Smoked Turkey Breast Recipe


  • Turkey Breast, skin on, no wings – 4lbs to 5lbs

Brine Ingredients Per Gallon Of Water

1 gallon of water (use as many as it takes to completely cover bird; deep plastic bucket works best)

Mix 1 tbsp each Pepper, Garlic powder, Onion powder, and Old Bay. Then add 1 Sprig of fresh rosemary (or 1 Tbsp. of powdered), 1 Bay leaf and 1 cup of salt.

Bassman’s Turkey Rub

Just mix 1 tbsp each of Pepper, Onion powder, Salt Oregano and Emeril’s Essence (The Original Essence)


For the brining, soak 2 fresh turkey breasts overnight.
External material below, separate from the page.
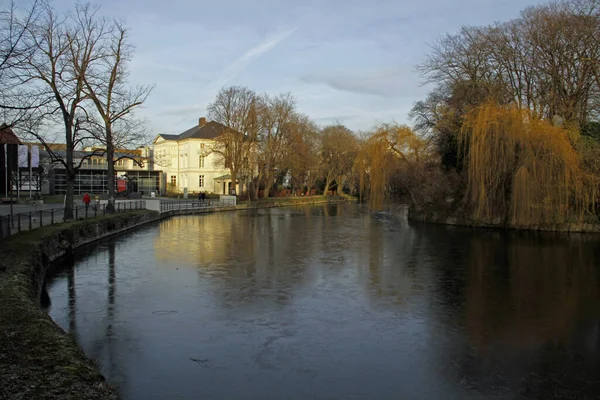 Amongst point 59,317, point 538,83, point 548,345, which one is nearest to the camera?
point 548,345

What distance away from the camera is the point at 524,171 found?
2625 cm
The next day, rinse well and pat dry. Then apply olive oil & your favorite rub, on and under skin. Leave skin on.


  1. Let sit for 30-45 minutes at room temperature.
  2. Pre-heat smoker to 200-220°F. Alternate bisquettes, between cherry & hickory, every other one.
  3. Smoke/ cook until internal temp of meat is 175°F. Approximately 4-5 hrs.
  4. After smoke/ cooking, let turkey rest for 10 minutes.
  5. Remove breast from bone, and slice against the grain.